Modi’s forgotten promise of justice for the Kerala fishermen in the Italian marines case

The centre’s pacifist approach to the pleas of both marines was in sharp contrast to Modi’s earlier aggressive posturing. AFP/Getty Images

On 19 February 2012, the Kerala Police arrested two Italian marines—Massimiliano Latorre and Salvatore Girone—on murder charges. They were accused of shooting two Indian fishermen off the coast of Kerala on 15 February that year. A few months later, in May, they were granted bail on the condition that they would not leave Kochi, a city in Kerala, without the Kerala high court’s permission. In February 2013, the Supreme Court relaxed their bail conditions and allowed the marines to return to their country, to vote in Italy’s general elections. The Italian government subsequently refused to send the marines back to India, leading to a tense diplomatic standoff.

In retaliation, India restrained the then Italian ambassador, Daniele Mincini, from leaving the country. While the marines eventually returned to India in March that year, Narendra Modi, who was the Bharatiya Janata Party’s prime ministerial candidate for the general elections due in 2014, politicised their brief exit from the country to target the Congress-led United Progressive Alliance government that was in power. At the time, then Congress president Sonia Gandhi, whose Italian origin has been a recurring theme in the BJP’s nationalist narrative, chaired the UPA.

On 31 March 2014, while campaigning for the upcoming elections, Modi addressed a rally in Arunachal Pradesh’s Itanagar. “Who were those people who provided safe passage for Italy’s killers to return to Italy?” he said. “On whose directions did they return to Italy? Who were the powers that stopped them from coming back from Italy?”

In another speech during an election rally in Kasaragod district in April, Modi referred to the victims, Jalastine and Ajeesh Binki, and promised, “I speak for the rights of the fishermen. I am going to fight the battle of Kerala’s fishermen.” However, in the five years since the Modi government was voted to power, there has been little progress in the case. The prime minister has not made any mention of the incident in a public forum, while the central government has taken lenient positions on allowing the marines to leave India again.

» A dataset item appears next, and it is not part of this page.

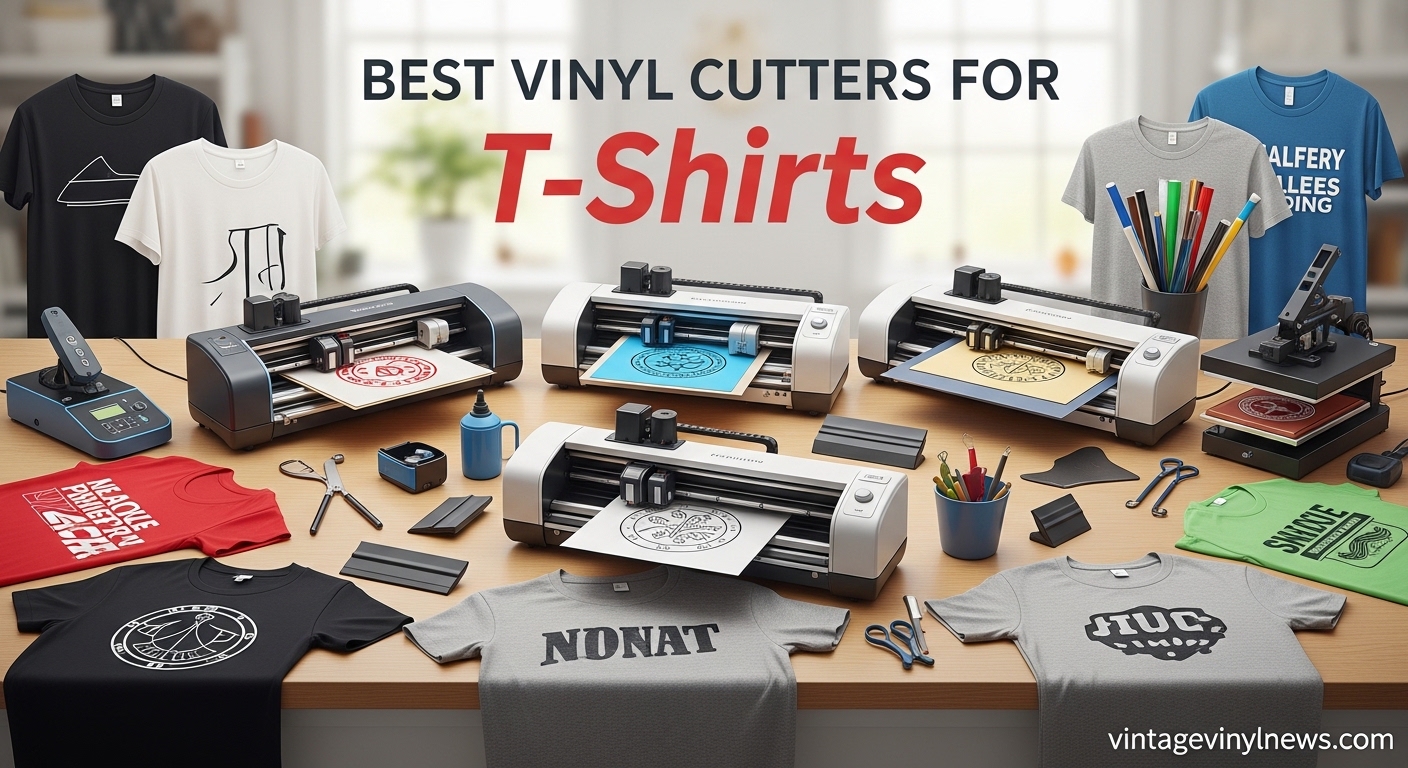 Best Vinyl Cutters for T-Shirts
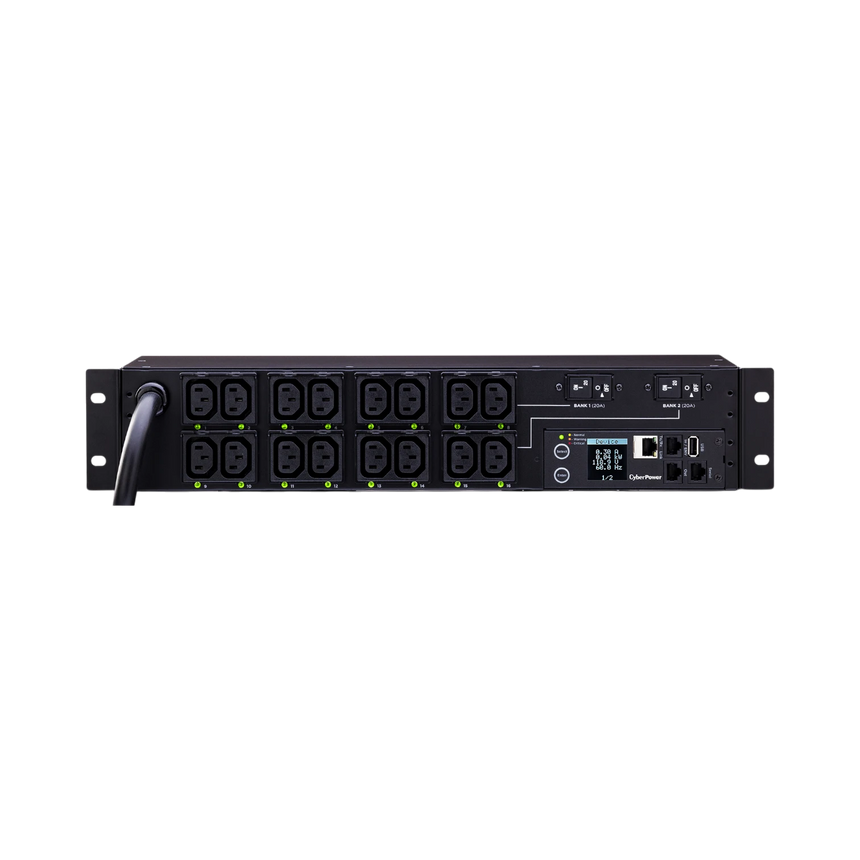 CyberPower PDU81007 16-Outlet Switched Metered-by-Outlet PDU — Being Shipped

The FIR in the case was first registered in 2012, at the Neendakara coastal police station in Kerala’s Kollam district. A team led by Ajith Kumar, the Kochi police commissioner at the time, carried out the initial investigation. In April 2013, the National Investigation Agency took over the case. But the case has since been embroiled in a dispute between Italy and India over the question of jurisdiction. While India claimed that the shooting happened in Indian waters and said the marines ought to be tried according to Indian law, Italy said the incident happened in international waters and therefore international law should apply to the marines.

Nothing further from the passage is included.